En el fondo me hace gracia, porque siempre tuve tanto miedo a dejarle acercarse, siempre traté de mantenerme tan distante, de mantener mi corazón encerrado entre hierro y asfalto para no permitirle entrar, para ahora verme con todas mis barreras rotas, y con el corazón enchido de esa congoja de amar.
Siempre he tenido pánico a sentirme indefensa, a saber que alguien tiene el poder de destruirme por completo, el entregar a nadie semejante influencia sobre mí.

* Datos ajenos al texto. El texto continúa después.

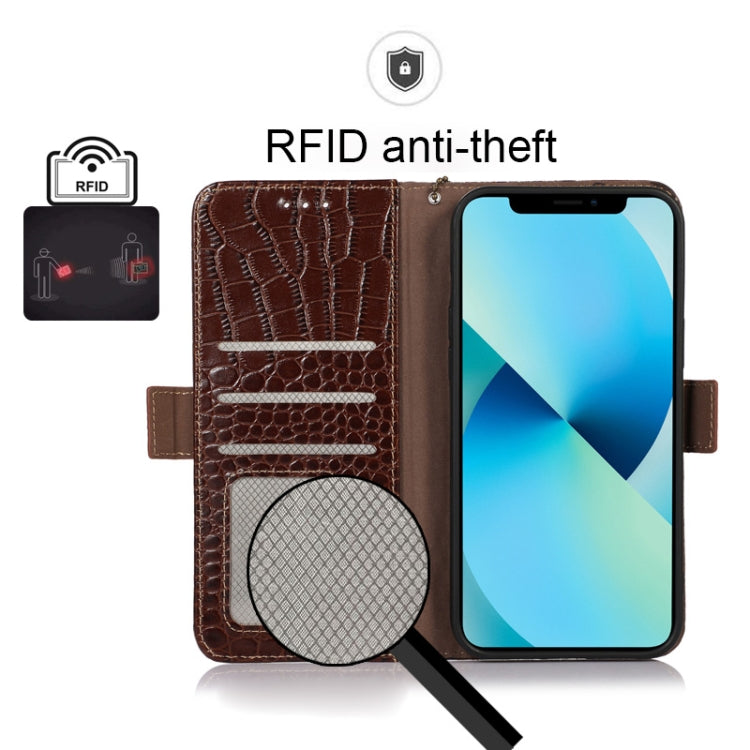 For Sony Xperia 1 IV Crocodile Top Layer Cowhide Leather Phone Case(Brown) - Sony Cases by PMC TechLife | Online Shopping South Africa | PMC TechLife | Buy Now Pay Later Mobicred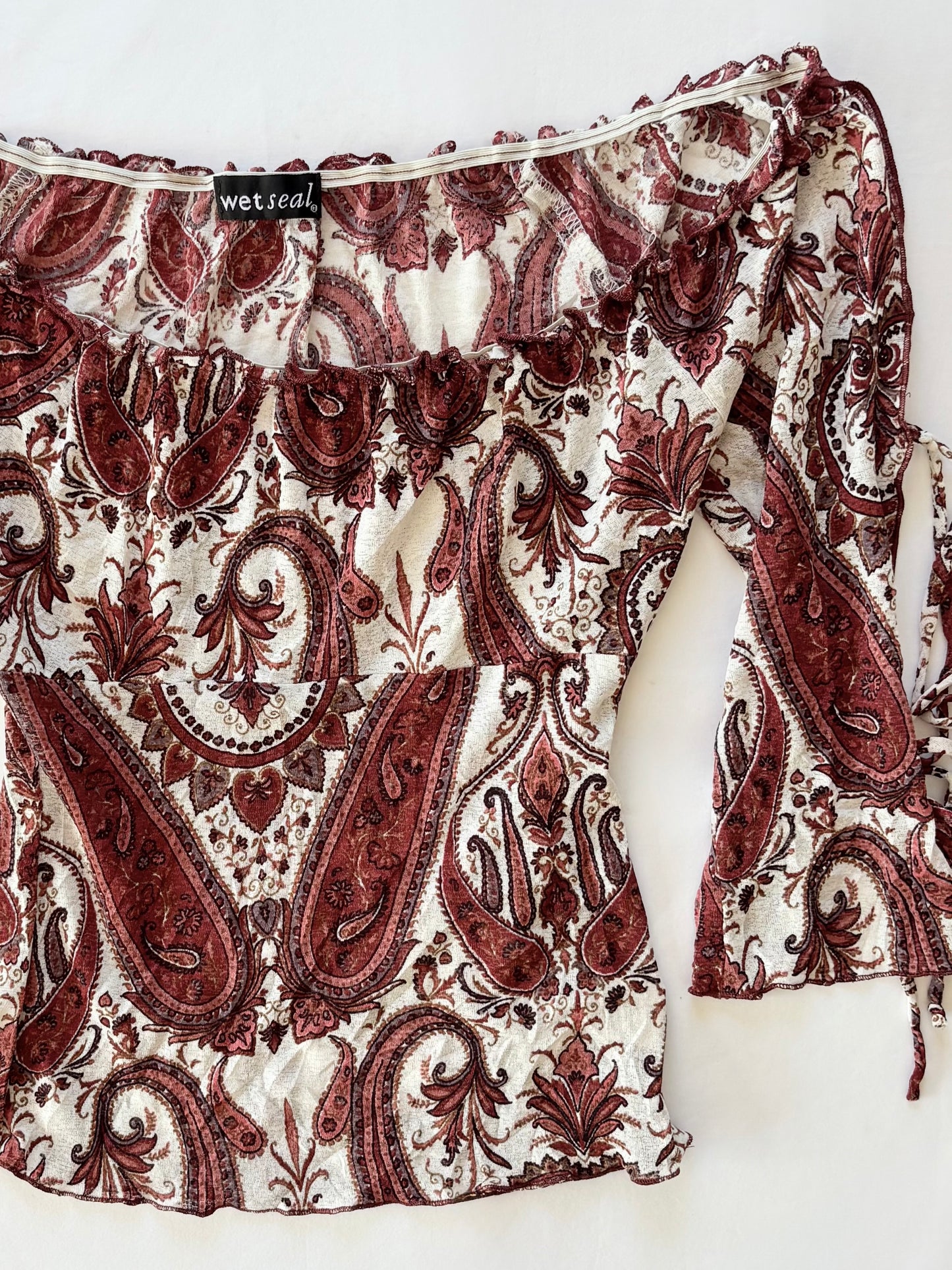 00’s Wetseal paisley milkmaid top | Size medium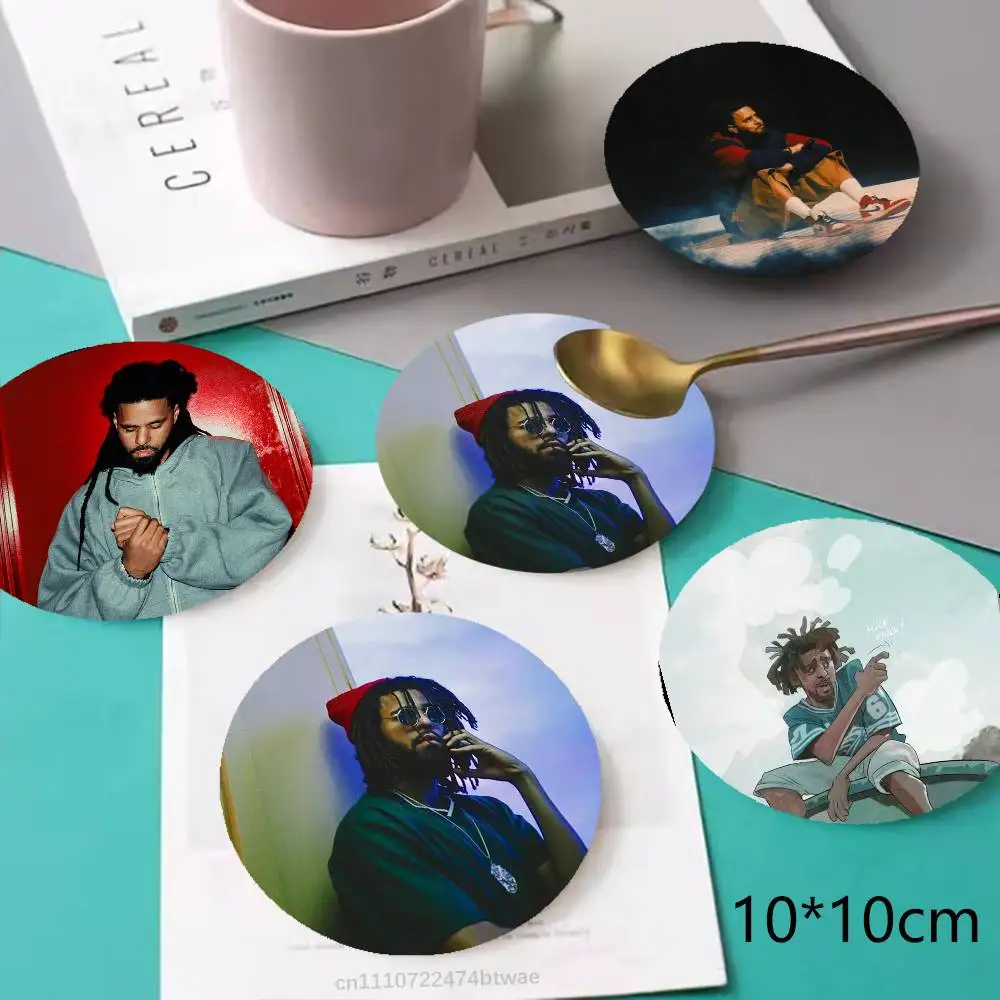 Rapper Jermaine Lamarr J.Cole Anti-slip Tea Coffee Cup Pad Heat-Resistant Round Bowl Teapot Mat Home Gift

Pero llega un momento en el que solo te queda... Taparte los ojos con una venda, poner el arma en sus manos y confiar ciegamente en que no la use, en que no dispare, en que no vuelvas a quedar malherido, solo y asustado otra vez.
Me aterra...  Y en mis momentos de paranoia, en mis crisis y en mis momentos duros esa fobia aflora; se hace notar en los nervios que se agarran a tu estómago, en el temblor que controla tus manos, en el dolor punzante que amenaza tu alma. Tampoco quiero remover el pasado, avivar los restos del fuego extinto de un infierno pasado, por eso trato de sacarlo de mi cabeza cuando llega a mí. Hay  muchas muchas cosas que quisiera lograr sacar de mi cabeza, pero quizás una de las que elegiría primero, sería dejar de sentir ese miedo a su marcha, a que se canse, a que me reemplace. No sé. Es un acto condicionado... No puedo evitarlo... Y eso me hace sentir como un cachorrillo asustado, y no me gusta.
Hay poco que pueda hacer. Dejar que el tiempo cure y dicte. Tratar de callar las voces que inventan y reinventan nuevas conspiraciones. Lo único que sé es que lo amo con toda mi alma. Y que haré lo que sea necesario para no perderlo nunca.